December 28, 2012      

AUTOMATION WORLD: According to a recent Morgan Stanley Blue Paper, the current demand for robotics in China is relatively small; however, rising wage pressures and other factors will push the automotive, electronics and the metal/machine tool industries to automate production.

With continuous improvement pressures and China’s recent economic slowdown, analysts are becoming more bullish on Chinese manufacturers expanding factory automation investments and, in particular, robotics.

The paper, China Robotics: Automation for the People, states that even with a tepid 2012 for China, robot suppliers continued to move operations there.

Robotics Expands: $1.2B today to $6B by 2020–a five-fold increase

Robotic automation in China is seen by many as low-hanging fruit and their reasons why are: 1) Plant managers used to see automation and its associated depreciation equipment costs as a negative; 2) Automotive industries are requiring more standardization; and 3) Rising wages, and the ever-increasing elderly population.

The report points out that “robot usage is some 60 percent below the global average–a market of $1.2 billion today could be worth $6 billion by 2020–a five-fold increase.”

The report also suggests that even though China’s robotics demand today is small at $1.2 billion last year, on a relative basis its share of total automation spend is actually quite high at 27 percent, compared with the global average of close to 4 percent.

The report projects that China’s robot usage effectively catches up with the global average of 55 robots per 10,000 workers (adjusted for GDP per capita), and then the market could easily reach $6 billion. This would still be a long way short of usage in Japan and South Korea at 343 per 10,000 workers.

According to the Financial Times: “The challenge for China’s electronics factories, which produce the majority of the world’s smartphones and computers, is to develop robots that can manipulate flexible wires and calculate how much force is needed to insert that wire into a delicate motherboard. Consumer electronic products also evolve much faster than car models, which means the next generation of robots has to be easily reprogrammable.”

China, says Jerry Li, knitwear manager, tries to hold on to work in garments and textiles by automating, amid increasing competition from lower-cost countries such as Bangladesh and Cambodia.

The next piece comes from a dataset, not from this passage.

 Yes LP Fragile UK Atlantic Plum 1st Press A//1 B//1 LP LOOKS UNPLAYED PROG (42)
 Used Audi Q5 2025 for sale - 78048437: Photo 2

Order sizes to Chinese factories are declining, leading to lower margins and less money to invest in the business. This has led some owners across southern China to close rather than automate.

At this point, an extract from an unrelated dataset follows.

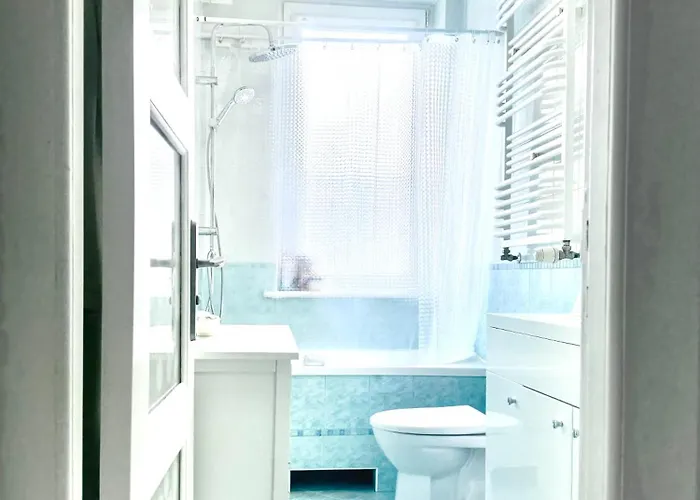 Sopocka Przystan Lejlighed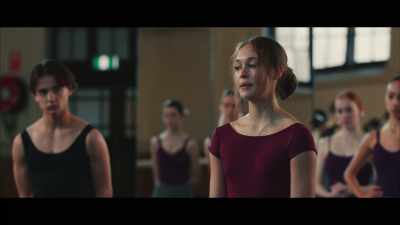 The only way to dance
this
is by putting in the
work. - The Red Shoes: Next Step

The report also provides a detailed analysis of four automation suppliers in China: ABB Fanuc Yaskawa and Kuka Robotics. Adept Technology is referenced for its 128 SCARA robots used in a Philips application and, of course, automotive is presented by Kuka and its 330 robots in building the Mercedes A Class sedan.

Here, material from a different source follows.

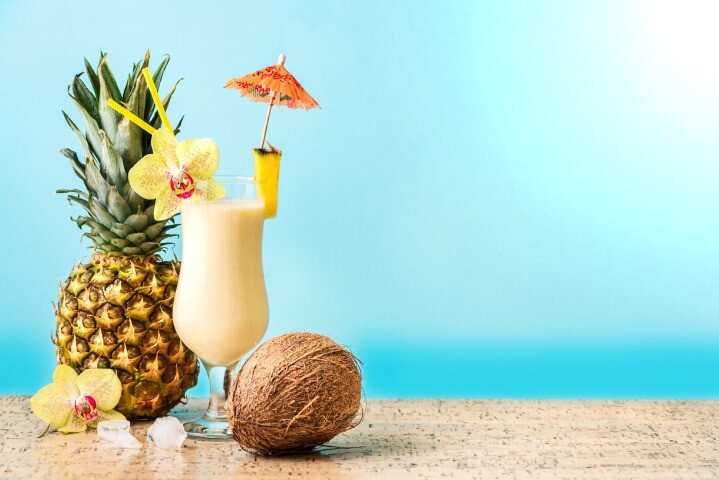 On World Pina Colada Day: Three Easy Variations To Try | Femina.in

China’s robotics is still heavily dependent on the automotive industry with 59 percent of demand, relative to electronics at 17 percent.

Key findings:

  • The paper compares the current situation in China with developments in Japan during the 1970s and 1980s. The parallels are both relevant and compelling. In Japan: the nature of the workforce and rising wage pressures are a meaningful factor; “cultural drivers”, in terms of willingness to displace workers and adopt technology are meaningful also; quality issues become important, as a domestic industry evolves; and growth rates, as robot penetration occurs, can be quite spectacular during the ramp-up phase.
  • Machine tools account for 11 percent of the total demand.
  • China could reach 50 robots per 10,000 workers in applications outside of automotive. This is again not a demanding target and would make its usage ex-auto similar to that of France, but still ~65 percent below the current average for these applications. Robotics is used significantly in assembly functions in advanced electronics but also in many types of industrial machinery and machine tool applications.
  • China and South Korea are mirror images in auto and electronics demand. We find this point very interesting, because it tends to suggest the following: that China’s robotics market is still in its infancy, and is disproportionately dependent on the automotive industry; that in more advanced economies such as South Korea and Japan, robot applications are far more broad-based.
  • The automotive industry is nation-wide, not just coastal. The production of motor vehicles is widespread throughout the country and the top seven provinces in terms of vehicles output only concentrates. 60 percent of the total production.